OpenELM: An Efficient Language Model Family with Open Training and Inference Framework

Introduction

OpenELM is a family of efficient language models designed to enhance accuracy through a layer-wise scaling strategy within transformer models. Developed by a team including Sachin Mehta, Mohammad Hossein Sekhavat, and others, the models are pretrained using the CoreNet library and come in various sizes: 270M, 450M, 1.1B, and 3B parameters. Both pretrained and instruction-tuned models are available for each size.

Architecture

OpenELM employs a layer-wise scaling strategy to efficiently allocate parameters within transformer layers, contributing to improved model accuracy.

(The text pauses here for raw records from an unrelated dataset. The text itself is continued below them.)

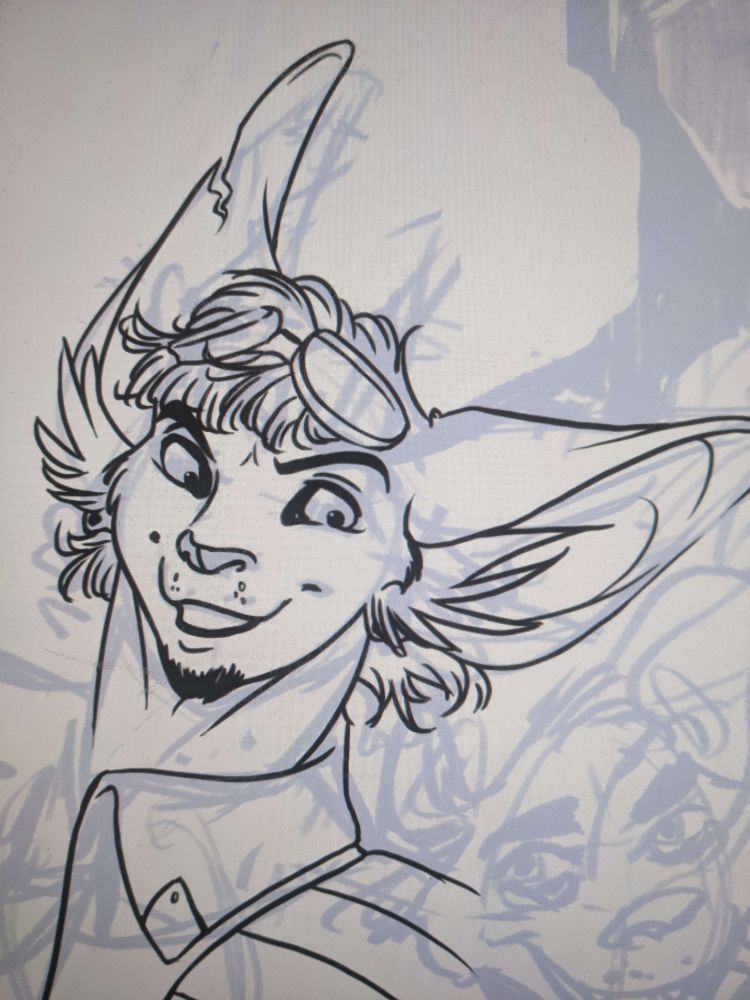 WIP (Work in Progress) digital ink linework on the character known as "Dusty Harte" a coyote with a short muzzle and large ears.  He carries a cunning smile, wears goggles and has a small bit of damage to his right side ear.  A character featured in an RP environment known as Top Shelf 2434.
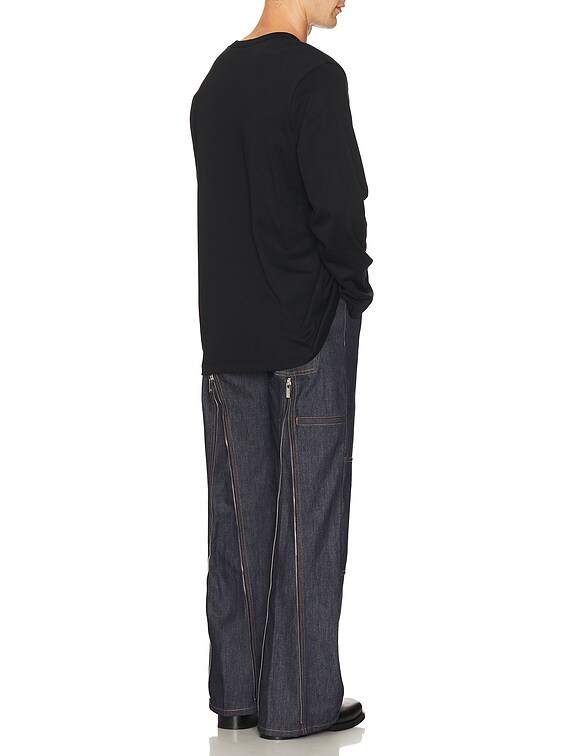 Helmut Lang Zip Carpenter Jeans in Undone Indigo in Raw Indigo | FWRD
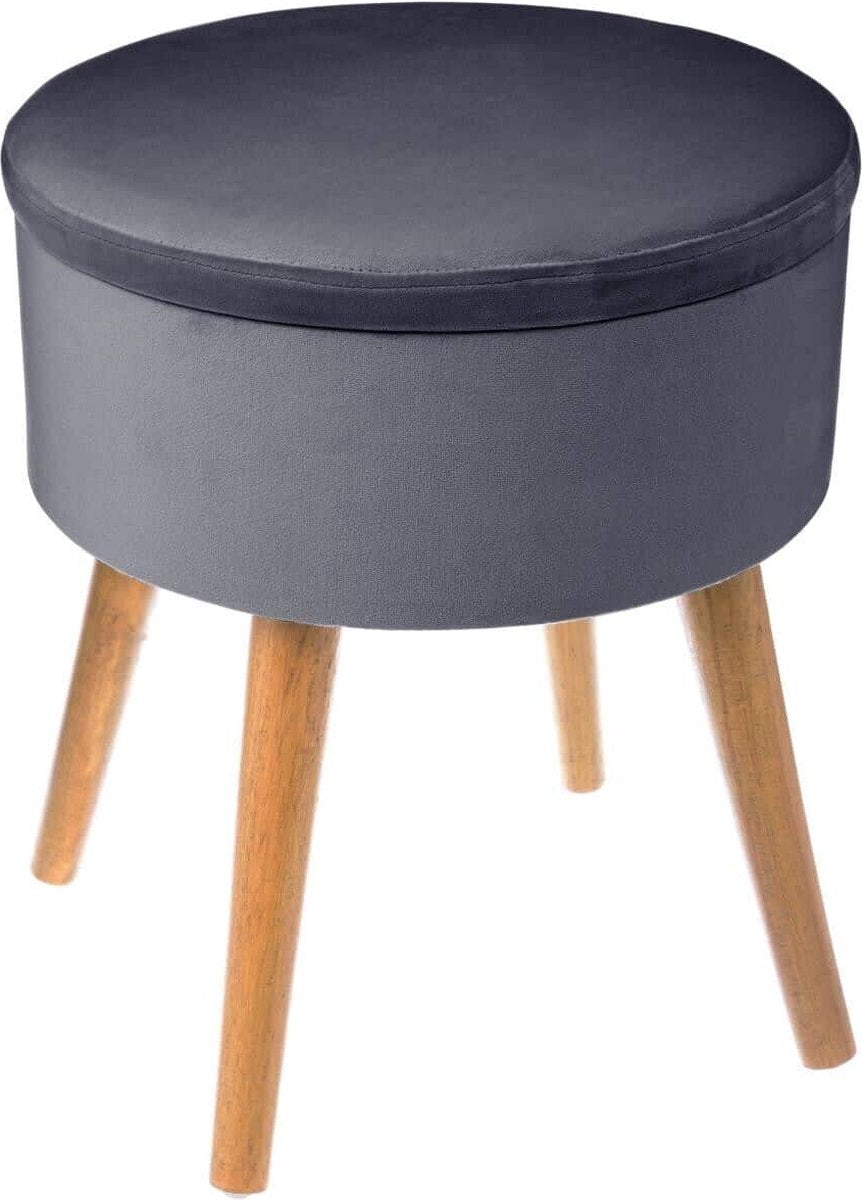 Samthocker mit Holzbeinen – Grau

The models are pretrained on a dataset comprising RefinedWeb, deduplicated PILE, a subset of RedPajama, and Dolma v1.6, totaling approximately 1.8 trillion tokens.

Training

The training involved using a diverse dataset, and both pretrained and instruction-tuned models are made available. Users are advised to review the license agreements and terms of these datasets before use.

Guide: Running Locally

Install Dependencies:

Clone the evaluation harness repository:

git clone https://github.com/EleutherAI/lm-evaluation-harness public-lm-eval-harness
cd public-lm-eval-harness
git checkout dc90fec
pip install -e .
cd ..

Install additional packages:

pip install datasets@git+https://github.com/huggingface/datasets.git@66d6242
pip install tokenizers>=0.15.2 transformers>=4.38.2 sentencepiece>=0.2.0

Run Inference:

Use the generate_openelm.py script to generate text:

python generate_openelm.py --model [MODEL_NAME] --hf_access_token [HF_ACCESS_TOKEN] --prompt 'Once upon a time there was' --generate_kwargs repetition_penalty=1.2

Cloud GPUs:
- For enhanced performance, consider using cloud GPU services such as AWS EC2, Google Cloud Platform, or Azure.

License

OpenELM is released under the Apple Sample Code License. Users should review the license details to understand the terms and conditions of use.